Skipping evaluation. With this many moving parts, eval is not optional. Add a per-step eval that checks each sub-answer against a fixture for your most common task shapes. See What Is Prompt Evaluation.
FAQ
Did Zhou et al. invent decomposition prompting? The general idea of breaking down problems predates LLMs by decades. The contribution of the 2022 paper was the empirical case for ordering and conditioning on prior answers as a prompt-only technique for GPT-3-class models.
Should I still use least-to-most with reasoning models? Often no, on tasks the model handles natively. Yes, on novel domains, long horizons, or when you need per-step inspection.

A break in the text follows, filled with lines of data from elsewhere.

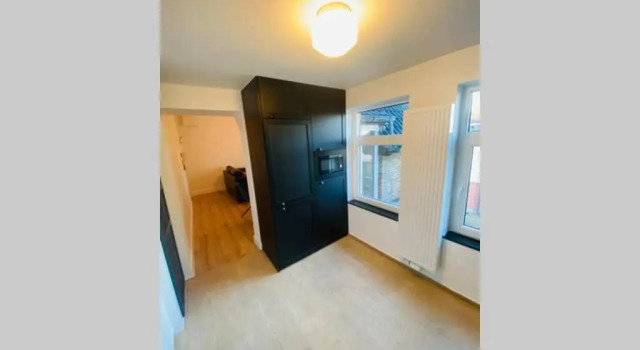 Recently renovated appartement 150m from the beach, Rezerwuj Apartament Hotele w Bruksela z parkingiem, Parking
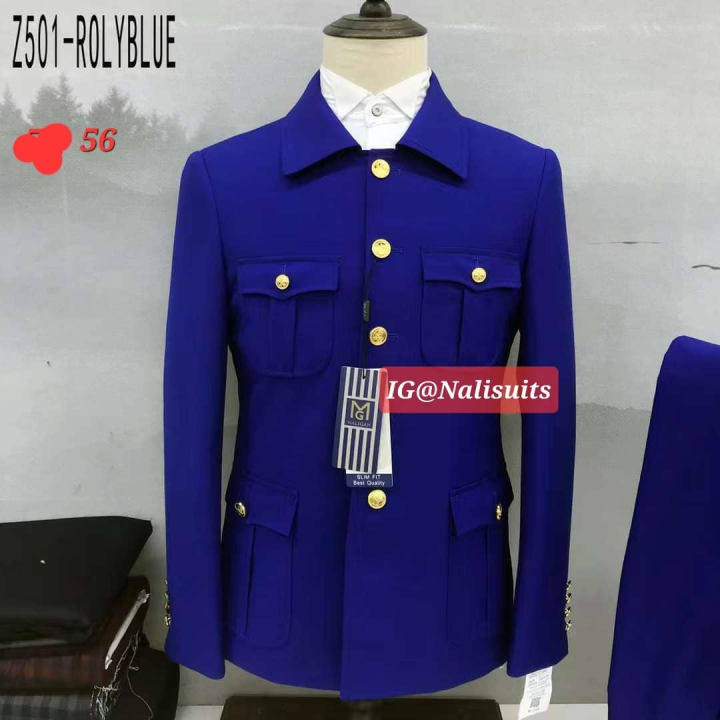 costume bleu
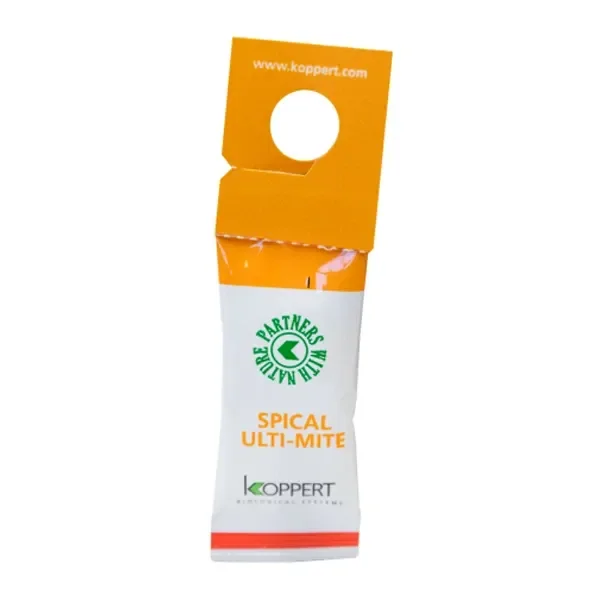 Sobre Spical Ulti-Mite de Koppert, blanco y naranja, con pestaña superior perforada para colgar, sobre fondo blanco.
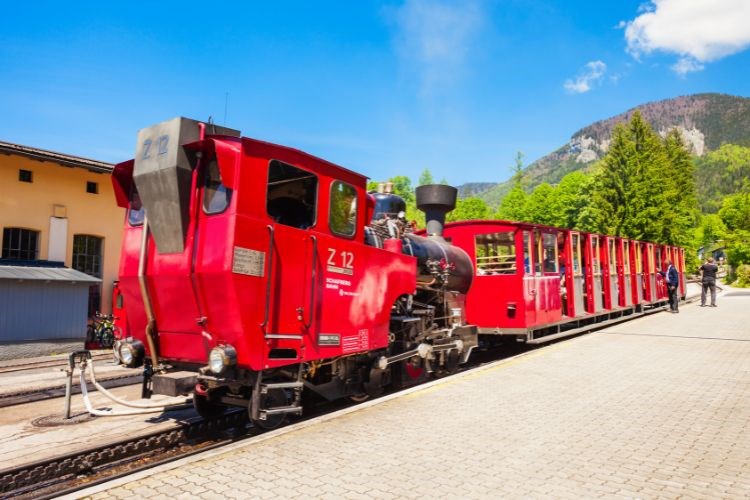Wolfgangsee – jedno z nejkrásnějších jezer Solné komory a výjezd historickou železnicí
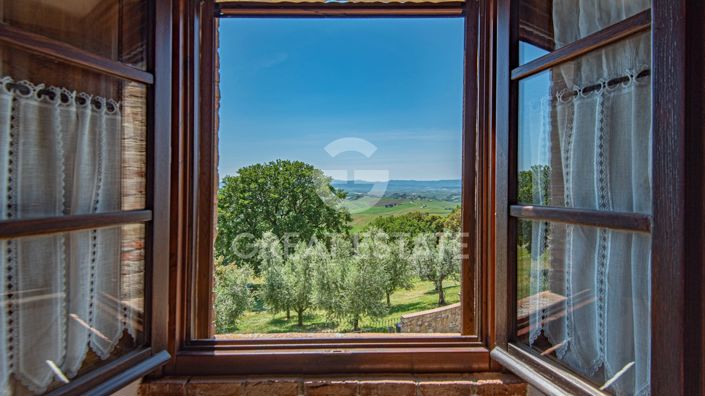 Image No.25-11 Bed Country House for sale
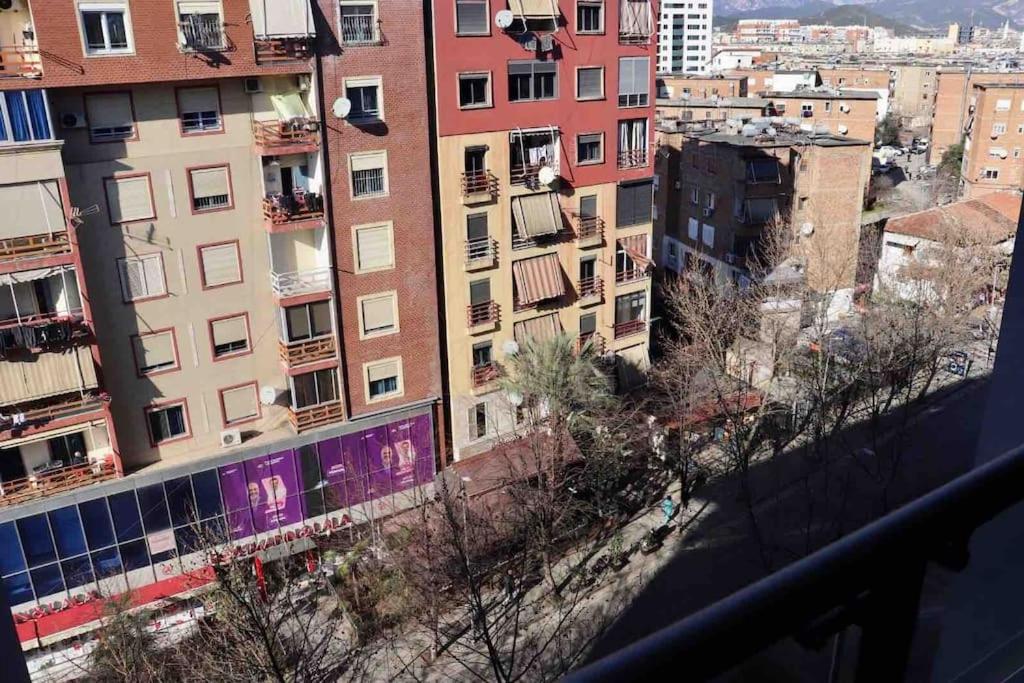 Olive Apartment Downtown Tirana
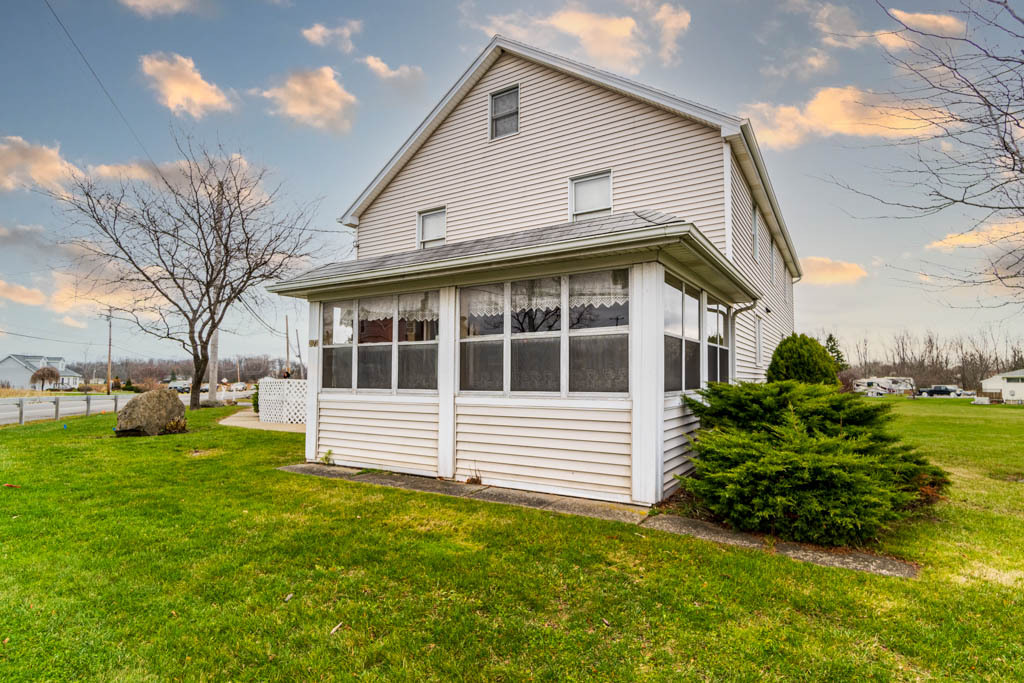 2872 Lockport Rd in Sanborn, NY - Building Photo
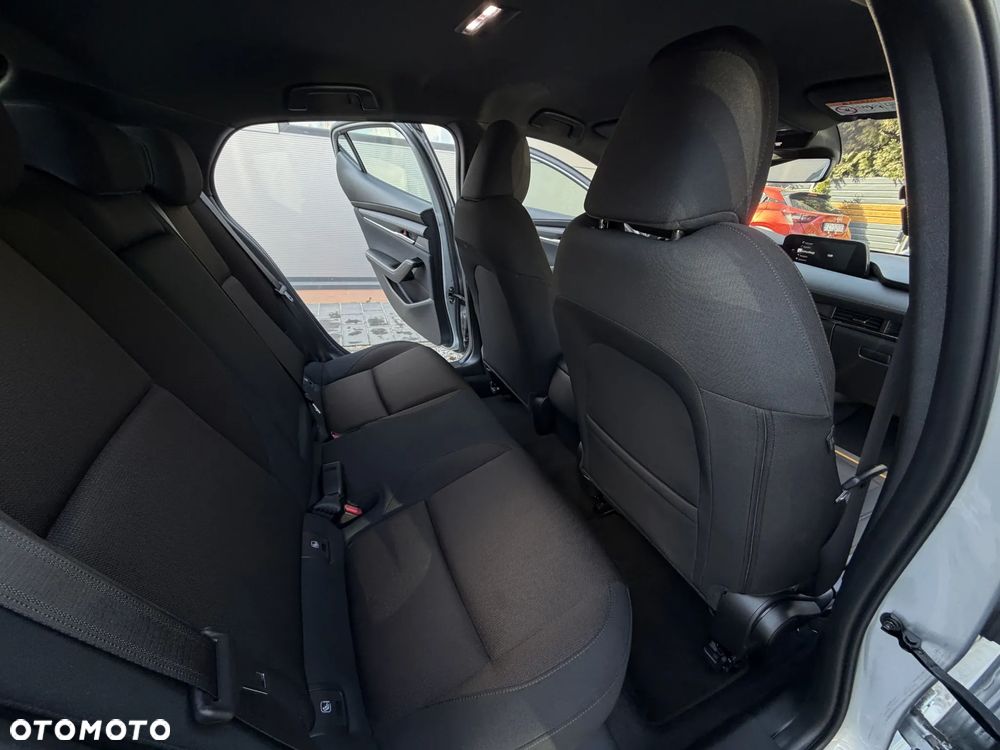 Mazda 3 SKYACTIV-G 2.0 M-Hybrid SELECTION - 18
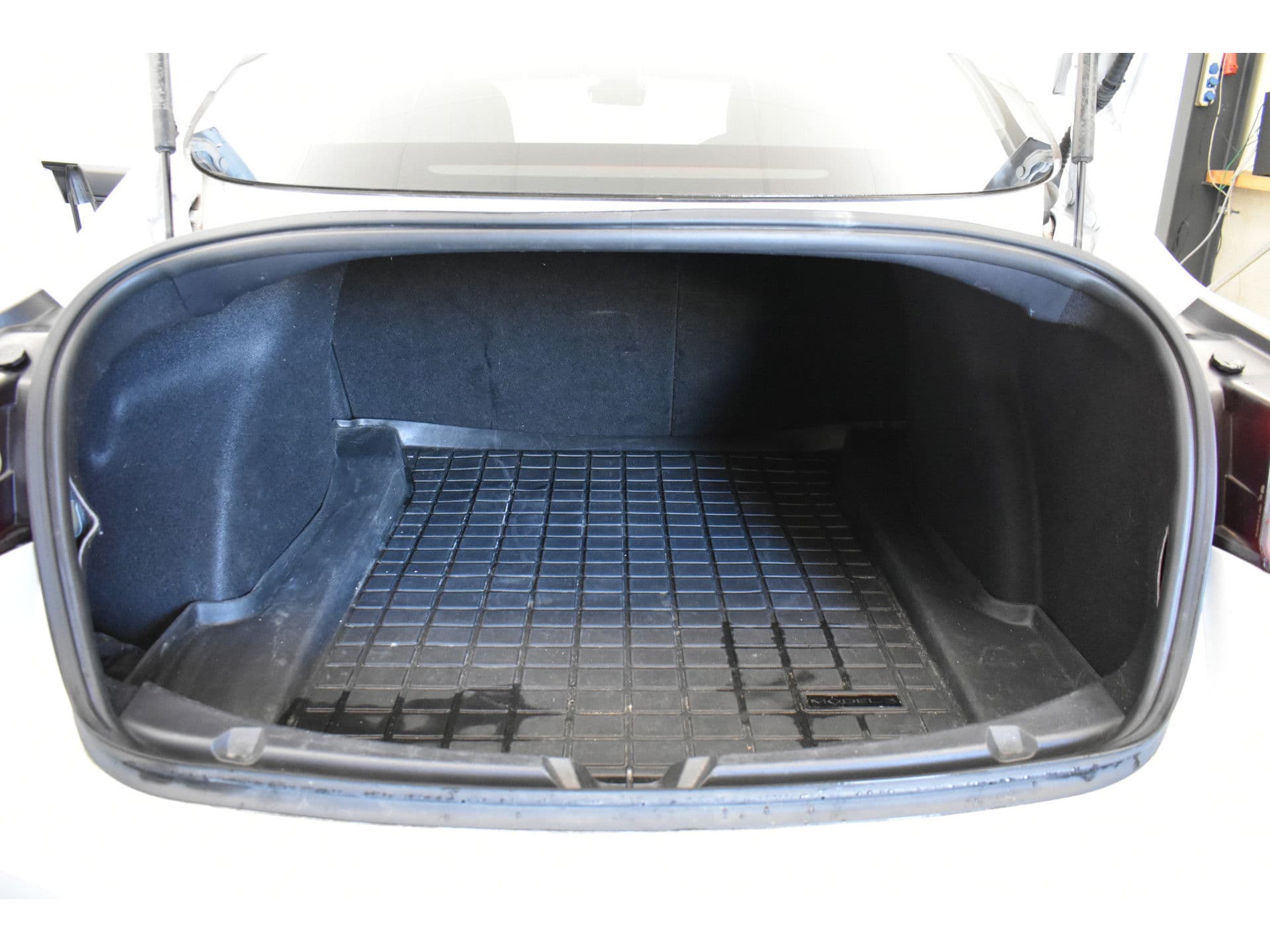 Tesla Model 3 Long Range AWD 75 kWh | Trekhaak | 19" | Autopilot | FSD Comp | Leder | Camera | Panodak thumbnail 27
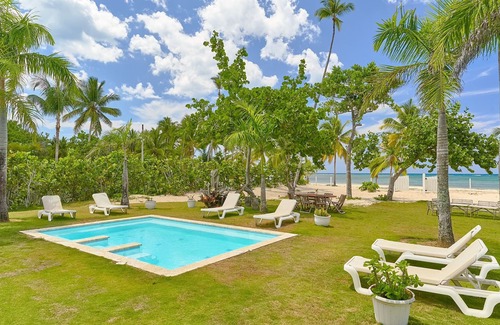 El Limon Villa | 6BR {VillaBahía}🏝️ @PlayaEstilleros + 🌊Beachfront Retreat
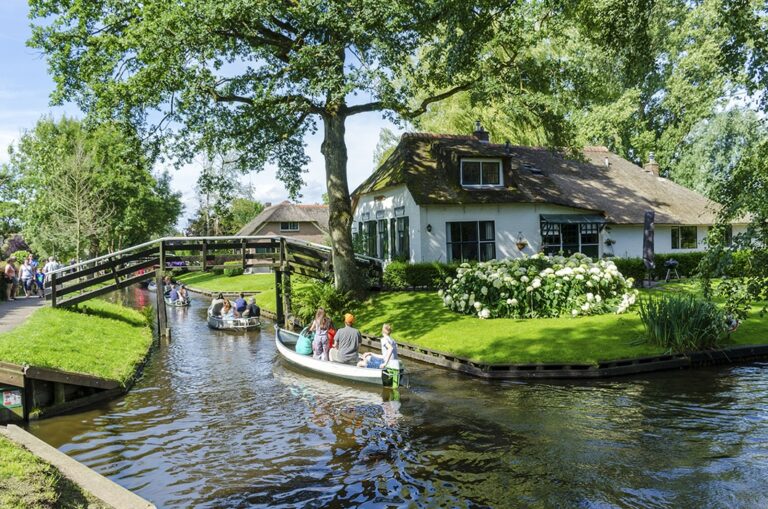 Wat te doen in Overijssel? 20+ → Uitjes, activiteiten + huisjes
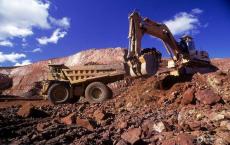亚洲的采矿业通过奖励报告来抵消风险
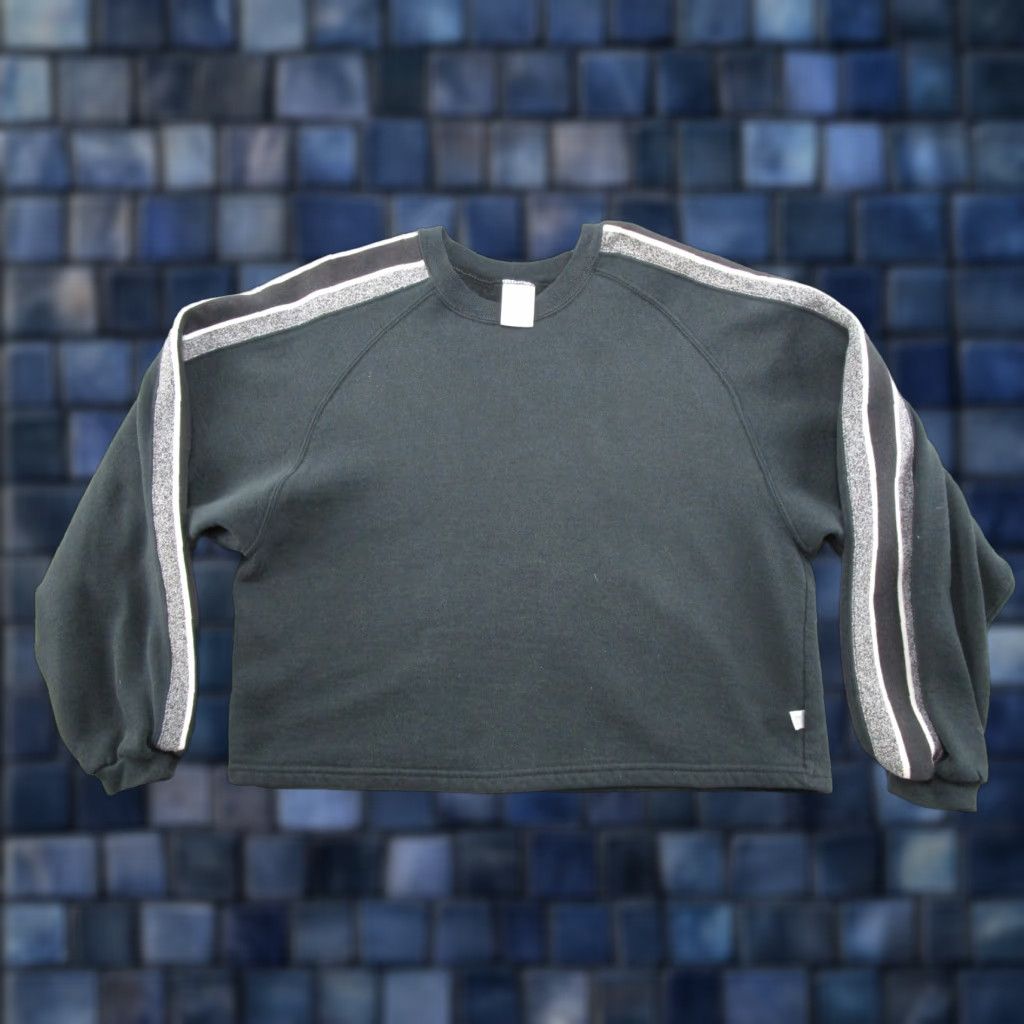 Russell Athletic VINTAGE Russell Athletic Sweatshirt Raglan Striped Sleeve 90s Size L Black Women Pullover Crew Neck Activewear Made USA Size L / US 10 / IT 46 - 1 Thumbnail
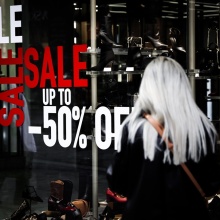 Ταμπέλα για εκπτώσεις σε βιτρίνα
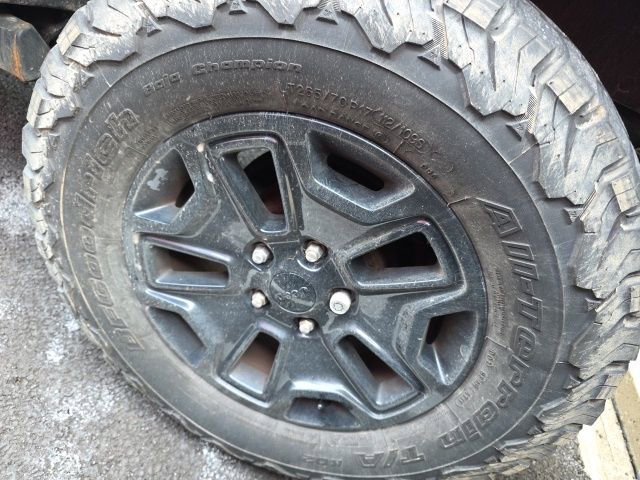 Used 2017 Jeep Wrangler Willys Wheeler image 7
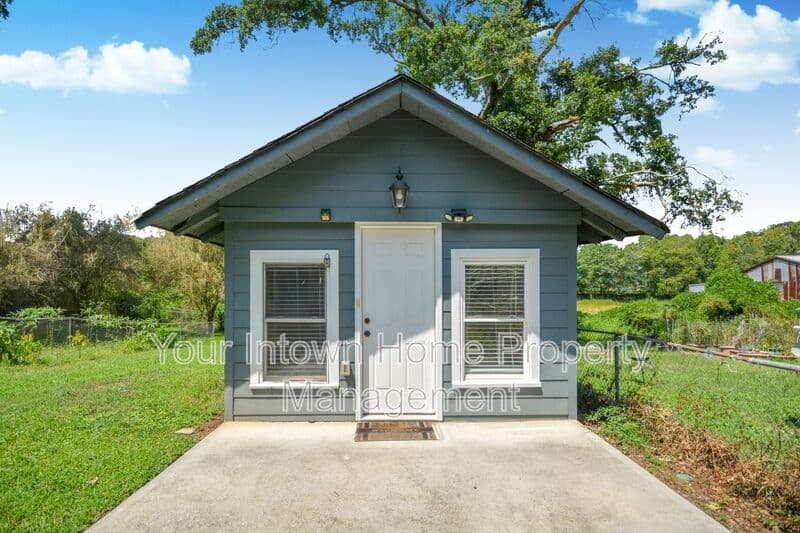 Atlanta House: 959 Dill Ave SW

Is least-to-most a kind of prompt chaining? Yes. It is a chain where the model generates the steps. Compare to a hand-authored prompt chain where the developer fixes the steps.
How is this different from agents? Agents loop and choose tools based on observations. Least-to-most produces a plan up front and executes it linearly. No mid-flight replanning, no tool selection.
Can I parallelize the sub-problems? Only if they are independent. The whole point of least-to-most is dependency: step k uses step k-1's answer. If your decomposition produces independent sub-problems, you have a fan-out, not a least-to-most chain.
What is the relationship to "self-ask"? Self-ask is a near-cousin: the model asks itself follow-up questions and answers them. Least-to-most is more structured: a full decomposition first, then sequential solution.
Does it help with hallucinations? Indirectly. By making each step small and inspectable, hallucinations are easier to catch. It does not prevent them.